Personally, I love these Phantom Fit resistance bands for warming up my glutes during leg day. I also use these ankle straps for cable kick-backs, since my gym does not offer them. At the beginning of each week, I write down the exercises that I am going to complete each day so when I start my workout, I know exactly what I am going to do. Then I write down my weights for each exercise and how long I rested between sets. If you don’t know which exercises you’re going to do, start with some of the circuit machines versus free weights. Machines are a good place to start for beginners because it forces you to practice perfect form, whereas free weights leave a lot of room for error. You’ll want to stick to the same routine for 4-6 weeks, and then change it up, so your body does not get bored. Focus on increasing your weights as the weeks go on. Aim for 4 sets of 15 reps one week, and then next week try 4 sets of 12 reps at a HEAVIER weight.

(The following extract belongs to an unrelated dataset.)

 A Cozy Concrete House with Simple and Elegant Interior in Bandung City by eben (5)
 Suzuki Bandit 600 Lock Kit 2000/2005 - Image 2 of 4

- If you get nervous by the phrase “lift heavy” and you envision super bulky men with veins popping from their biceps, grunting and throwing their weights on the ground, think again. Here is an image of women a who lifts heavy. Not too shabby, eh?
A good rule of thumb when choosing a weight that is right for each exercise is to choose a weight that 1) allows you to practice perfect form, 2) makes it HARD to complete 12-15 reps, 3) you are STRUGGLING to complete your last set of reps with. If you can complete more than 30 reps at once using the weight you’ve chosen, that the weight is TOO LIGHT. Step it up! I always see men and women compromising their form in their effort to increase their weights. Remember, MOMENTUM IS NOT A MUSCLE! Perfect form first. Heavier weight second.
For more information on lifting weights check out bodybuilding.com for tips and free online programs. I also highly recommend any of Jessie Hilgenberg’s ebooks which you can learn about on her site: jessiefitness.com.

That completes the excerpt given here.